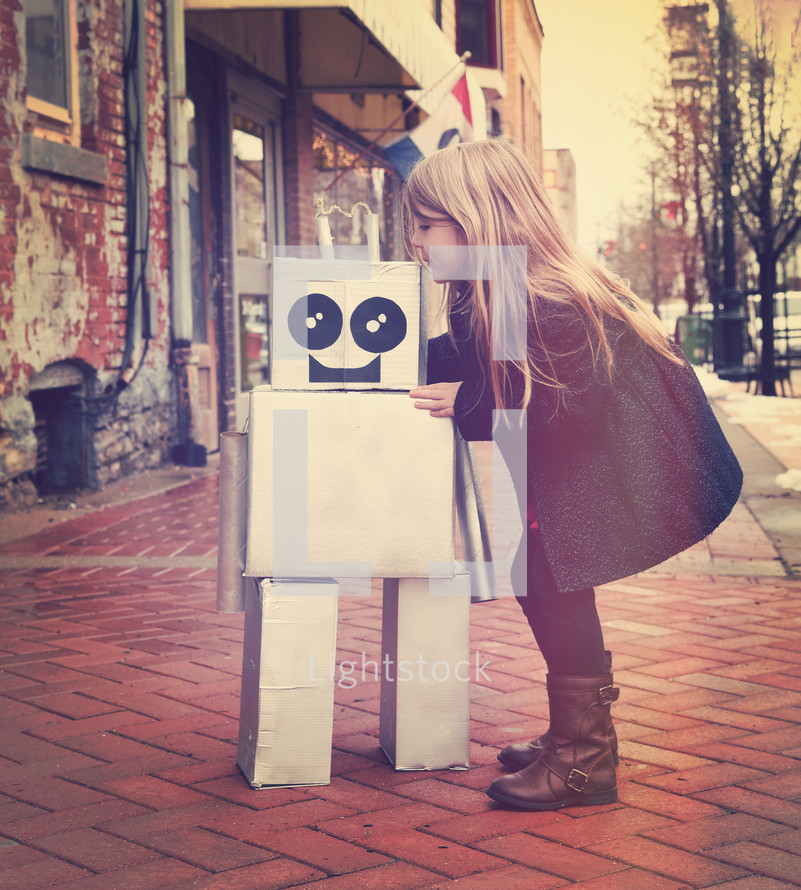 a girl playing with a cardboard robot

--

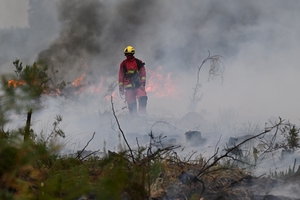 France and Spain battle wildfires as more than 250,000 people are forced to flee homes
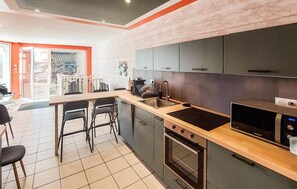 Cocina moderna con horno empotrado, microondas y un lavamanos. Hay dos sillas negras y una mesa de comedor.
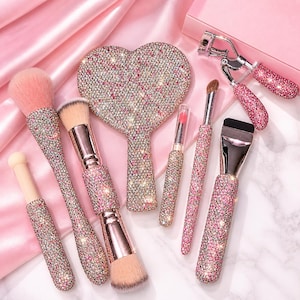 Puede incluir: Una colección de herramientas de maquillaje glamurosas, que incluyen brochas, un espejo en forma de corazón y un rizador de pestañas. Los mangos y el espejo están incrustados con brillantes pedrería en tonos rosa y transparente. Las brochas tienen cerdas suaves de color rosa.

--

▸ **WHAT NEEDS TO BE DONE**
Exactly reproduce the lines above, starting at the one that contains "France and Spain" and ending at the one that contains "Cocina moderna con", both inclusive; leave the pictures out and add no other lines.

▸ **RESULT BELOW**
 France and Spain battle wildfires as more than 250,000 people are forced to flee homes
 Cocina moderna con horno empotrado, microondas y un lavamanos. Hay dos sillas negras y una mesa de comedor.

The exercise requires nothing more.